The review of Pakistan's security paradigm should start with Islamic militancy that emanates from within the country, a leading Pakistani daily has said while noting that it is one of the biggest stumbling blocks in New Delhi-Islamabad relations
Prime Minister Yousuf Raza Gilani Saturday told the parliamentary committee on national security that the Nov 26 NATO attack that left two dozen soldiers dead and the May 2 Abbottabad raid to kill Al Qaeda leader Osama bin Laden may "compel us to revisit our national security paradigm".
An editorial in the Dawn Monday said: "No doubt this is a welcome move - and one that should have been made more than a decade ago."
"But any review of the country's security paradigm, which has several aspects, should start with the nature of the threat emanating from within the country, i.e. Islamic militancy.
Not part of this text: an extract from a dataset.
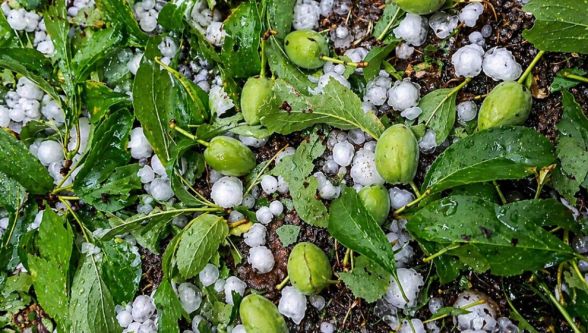 "Bir Yıllık Emeğin Dakikalar İçerisinde Yok Olması Hepimizi Derinden Üzmüştür."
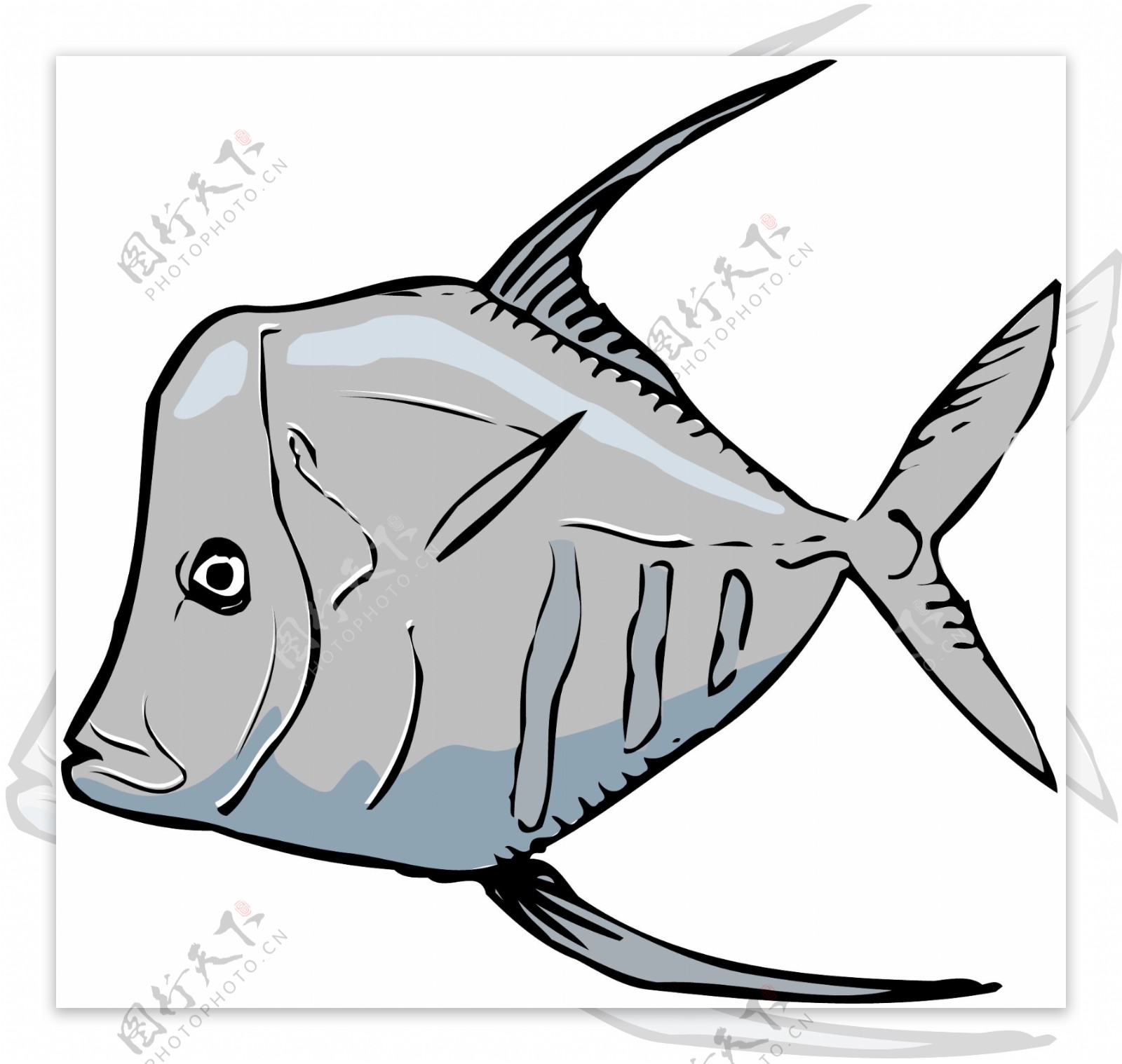 五彩小鱼水生动物矢量素材EPS格式0256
"...the US is not the only one to have raised the issue of militant groups finding safety within Pakistan. Iran and even China have expressed similar apprehensions, while for India, Islamic militancy remains one of the biggest stumbling blocks in its relations with Islamabad," it added.
It said that Pakistan is "yet to frame a policy that is clear and that can become the basis for a comprehensive security plan".
"Since the 1980s, when the Mujahideen in a US-led effort were supported in their resistance against the Soviets in Afghanistan, Pakistan has legitimised the idea of militant Islam.
"Its `security paradigm' has included using Islamic militants when convenient, with crackdowns occurring mainly after 9/11 when external pressures became too great to withstand," the editorial said.
It went on to say that "the security establishment has been accused of having links with Afghan militant groups using Pakistani soil to launch attacks across the border".
"The lack of a cohesive policy means that even as we lose men and money to the fight against extremism, Islamic militancy cannot be controlled."